- [WHAT YOU HAVE TO DO]: Pull every line containing "Apartment" out of the listing below.

——————————

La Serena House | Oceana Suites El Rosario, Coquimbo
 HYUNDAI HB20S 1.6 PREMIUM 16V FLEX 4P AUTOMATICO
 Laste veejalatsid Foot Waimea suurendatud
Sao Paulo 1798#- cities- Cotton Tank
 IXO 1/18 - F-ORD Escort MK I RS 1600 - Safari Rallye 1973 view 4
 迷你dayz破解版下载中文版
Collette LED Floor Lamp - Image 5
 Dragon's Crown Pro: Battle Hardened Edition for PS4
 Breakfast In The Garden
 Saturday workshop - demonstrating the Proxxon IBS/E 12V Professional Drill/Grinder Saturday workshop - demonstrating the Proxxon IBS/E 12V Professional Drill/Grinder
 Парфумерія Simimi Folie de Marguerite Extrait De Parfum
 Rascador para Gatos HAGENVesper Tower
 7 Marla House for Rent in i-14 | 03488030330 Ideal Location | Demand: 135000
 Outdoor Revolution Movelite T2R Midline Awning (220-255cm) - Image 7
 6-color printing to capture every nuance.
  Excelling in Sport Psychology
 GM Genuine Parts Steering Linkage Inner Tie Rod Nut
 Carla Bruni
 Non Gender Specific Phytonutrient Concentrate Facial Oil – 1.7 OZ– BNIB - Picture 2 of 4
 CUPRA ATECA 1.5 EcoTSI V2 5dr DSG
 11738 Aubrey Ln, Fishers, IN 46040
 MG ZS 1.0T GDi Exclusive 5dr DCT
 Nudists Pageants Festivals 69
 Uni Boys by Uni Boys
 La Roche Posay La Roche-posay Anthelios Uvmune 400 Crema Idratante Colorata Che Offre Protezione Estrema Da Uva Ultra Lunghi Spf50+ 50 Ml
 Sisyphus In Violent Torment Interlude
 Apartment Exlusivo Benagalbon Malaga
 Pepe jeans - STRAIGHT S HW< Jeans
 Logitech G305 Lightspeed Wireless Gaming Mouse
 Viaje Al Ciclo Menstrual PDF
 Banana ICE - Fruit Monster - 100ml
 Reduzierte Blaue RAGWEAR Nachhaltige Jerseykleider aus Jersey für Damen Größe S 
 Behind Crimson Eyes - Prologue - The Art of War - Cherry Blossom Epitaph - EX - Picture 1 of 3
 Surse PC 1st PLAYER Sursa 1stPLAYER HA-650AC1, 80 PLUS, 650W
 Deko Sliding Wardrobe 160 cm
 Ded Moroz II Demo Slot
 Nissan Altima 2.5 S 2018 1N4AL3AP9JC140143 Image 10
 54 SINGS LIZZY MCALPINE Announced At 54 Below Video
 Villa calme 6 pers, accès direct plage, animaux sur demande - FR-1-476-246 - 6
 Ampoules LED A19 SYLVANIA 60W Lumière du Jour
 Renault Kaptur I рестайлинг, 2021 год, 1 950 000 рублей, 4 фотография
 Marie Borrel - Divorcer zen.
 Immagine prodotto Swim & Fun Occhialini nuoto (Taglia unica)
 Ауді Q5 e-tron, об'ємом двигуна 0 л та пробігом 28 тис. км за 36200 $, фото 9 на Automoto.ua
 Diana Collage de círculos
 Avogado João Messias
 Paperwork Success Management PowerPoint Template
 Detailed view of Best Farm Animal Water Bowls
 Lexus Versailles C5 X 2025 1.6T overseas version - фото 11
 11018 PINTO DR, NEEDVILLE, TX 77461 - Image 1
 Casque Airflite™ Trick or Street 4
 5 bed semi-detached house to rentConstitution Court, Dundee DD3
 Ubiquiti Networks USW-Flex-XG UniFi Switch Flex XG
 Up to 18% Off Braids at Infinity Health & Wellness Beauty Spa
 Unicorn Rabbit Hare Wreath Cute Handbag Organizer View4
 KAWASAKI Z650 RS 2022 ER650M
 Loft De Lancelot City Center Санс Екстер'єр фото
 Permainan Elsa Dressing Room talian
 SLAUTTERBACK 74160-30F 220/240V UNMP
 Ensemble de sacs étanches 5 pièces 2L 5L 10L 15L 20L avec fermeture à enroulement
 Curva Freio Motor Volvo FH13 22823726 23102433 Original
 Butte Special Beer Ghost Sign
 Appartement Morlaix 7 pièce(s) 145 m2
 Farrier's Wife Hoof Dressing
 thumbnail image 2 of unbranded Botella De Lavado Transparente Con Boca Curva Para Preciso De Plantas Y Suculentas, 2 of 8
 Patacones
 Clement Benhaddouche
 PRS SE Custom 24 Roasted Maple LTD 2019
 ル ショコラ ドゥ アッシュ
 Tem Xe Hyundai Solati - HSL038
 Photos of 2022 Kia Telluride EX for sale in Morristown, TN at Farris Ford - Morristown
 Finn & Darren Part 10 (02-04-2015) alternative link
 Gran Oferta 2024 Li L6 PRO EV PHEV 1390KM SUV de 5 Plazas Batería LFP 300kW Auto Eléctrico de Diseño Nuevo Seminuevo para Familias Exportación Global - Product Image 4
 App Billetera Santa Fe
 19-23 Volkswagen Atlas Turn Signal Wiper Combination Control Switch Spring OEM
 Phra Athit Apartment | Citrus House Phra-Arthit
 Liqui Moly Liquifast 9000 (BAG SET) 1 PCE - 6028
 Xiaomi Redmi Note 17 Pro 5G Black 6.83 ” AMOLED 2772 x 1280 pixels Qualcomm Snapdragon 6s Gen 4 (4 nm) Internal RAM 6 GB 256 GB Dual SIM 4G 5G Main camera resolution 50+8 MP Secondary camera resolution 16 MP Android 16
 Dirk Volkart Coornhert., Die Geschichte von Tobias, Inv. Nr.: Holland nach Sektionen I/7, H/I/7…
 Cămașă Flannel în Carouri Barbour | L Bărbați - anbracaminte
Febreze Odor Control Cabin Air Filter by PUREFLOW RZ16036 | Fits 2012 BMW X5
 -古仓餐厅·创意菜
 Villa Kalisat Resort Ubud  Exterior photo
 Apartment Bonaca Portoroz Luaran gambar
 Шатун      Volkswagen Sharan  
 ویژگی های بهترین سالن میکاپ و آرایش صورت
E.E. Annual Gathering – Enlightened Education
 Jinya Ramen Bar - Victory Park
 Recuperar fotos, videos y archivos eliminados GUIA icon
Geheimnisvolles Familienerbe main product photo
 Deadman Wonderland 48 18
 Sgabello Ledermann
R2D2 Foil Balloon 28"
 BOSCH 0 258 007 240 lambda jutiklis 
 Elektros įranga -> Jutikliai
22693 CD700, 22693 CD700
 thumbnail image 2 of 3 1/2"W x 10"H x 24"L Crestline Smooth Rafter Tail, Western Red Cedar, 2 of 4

——————————

- [ANSWER BOX]:
 Apartment Exlusivo Benagalbon Malaga
 Phra Athit Apartment | Citrus House Phra-Arthit
 Apartment Bonaca Portoroz Luaran gambar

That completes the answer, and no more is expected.